Johnson County sued over 36-year-old jail inmate’s death
Johnson County is being accused of negligence in a lawsuit over the alcohol-withdrawal death of a 36-year-old jail inmate.
The estate of Nathaniel Davis Jr., who died in March 2024 after serving a portion of his seven-day sentence for drunken driving, is suing Johnson County and 19 individuals in U.S. District Court for the Southern District of Iowa.
The lawsuit alleges Davis “entered the jail healthy and cooperative, but within two days began exhibiting obvious symptoms of severe alcohol withdrawal, including hallucinations, tremors, confusion, and disorientation.”
According to the lawsuit, alcohol withdrawal is a treatable condition that becomes life-threatening if allowed to progress unchecked.
“Despite the clear warning signs, jail staff and medical providers failed to take the necessary and well-established steps to evaluate, monitor, and treat his condition,” the lawsuit asserts. “For more than 35 hours, jail officials and medical personnel ignored Mr. Davis’ escalating medical crisis, leaving him in solitary confinement without proper assessment, medication, hydration, or a hospital transfer.”
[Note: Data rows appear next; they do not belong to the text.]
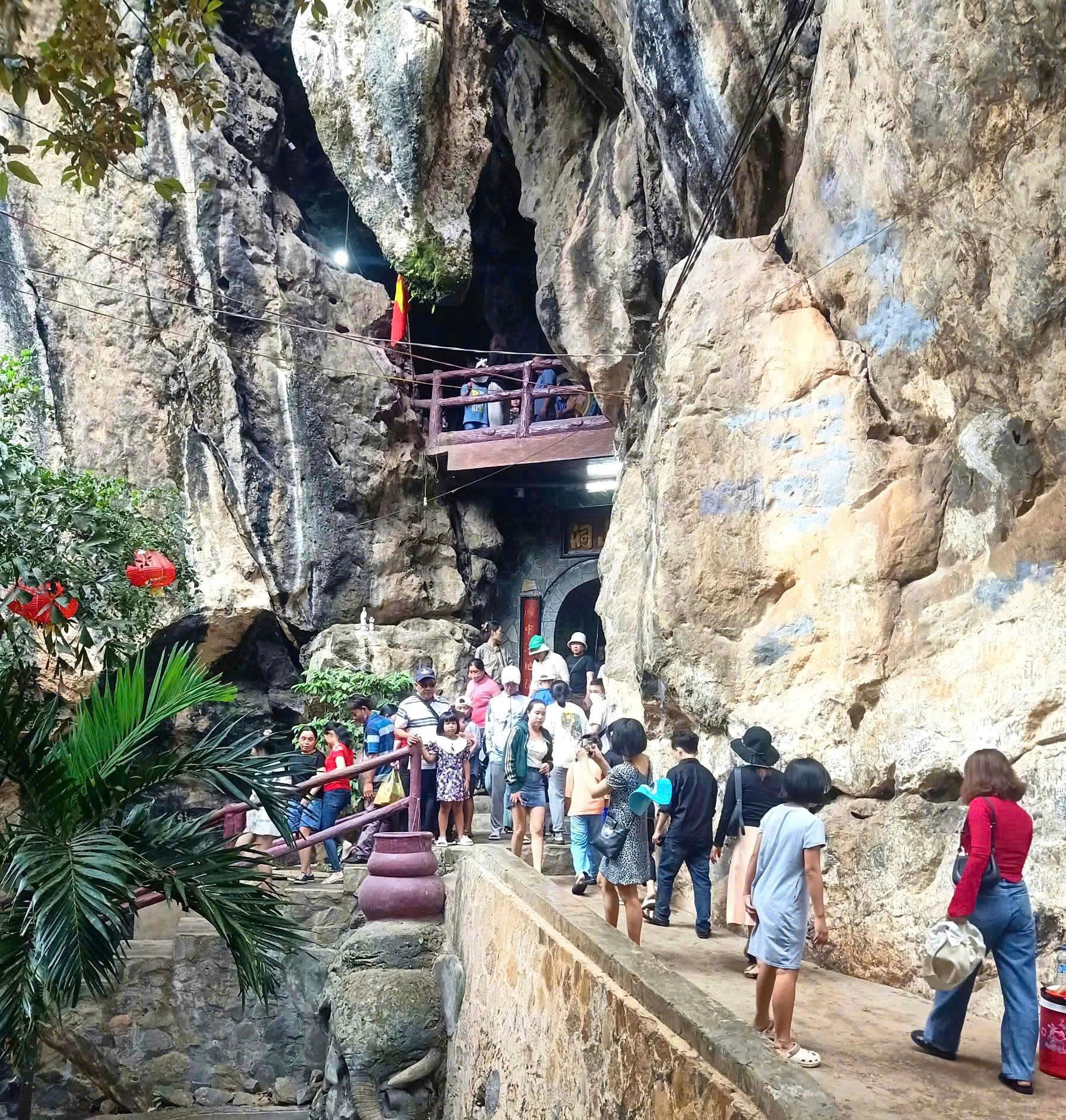 Trải nghiệm tâm linh giữa lòng Thạch Động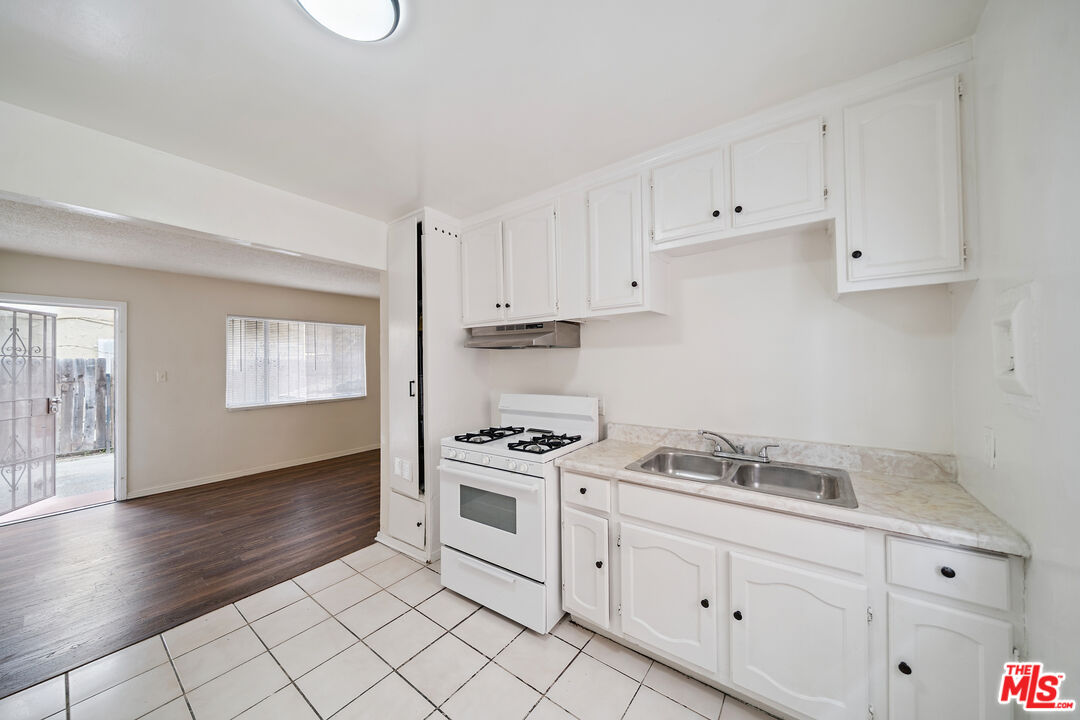 8633 Denver Ave Unit: 3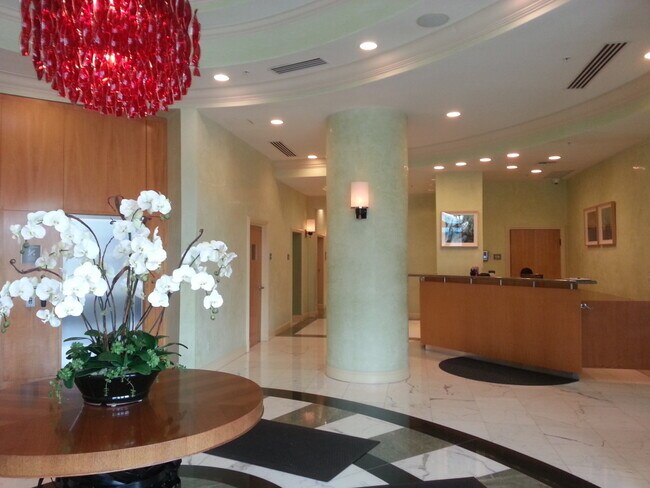 Building Photo - 600 S Dixie Hwy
The medical provider who eventually saw Davis “spent only minutes at his cell door, never touching him and never taking his vital signs,” then failed to send Davis to the hospital and gave him the wrong medication, the lawsuit claims. “Any of the 19 individual defendants could have saved Mr. Davis’ life by treating him with basic humanity and sending him to the hospital … His death was entirely preventable.”
Davis described as ‘acting more and more bizarre’
The lawsuit specifically alleges that on March 12, two days after Davis began serving his jail sentence, Davis was visibly hallucinating and complaining of invisible bugs crawling all over his cell. His condition allegedly worsened over the next two days and on the morning of March 14, Davis was seen by Christian Junker, a physician’s assistant who provided medical services for jail inmates, according to the lawsuit.
Junker allegedly spoke to Davis through the food-port of his cell door for four minutes, then wrote in his notes that Davis was “tremulous, complaining of seeing bugs (and) acting more and more bizarre … His story does not completely make sense as he says he has been working every day, including finishing a shift right before I evaluated him, and that he last drank one week ago, and then one hour ago upon repeat questioning. He does not seem to be fully oriented. I believe this is due to withdrawal.”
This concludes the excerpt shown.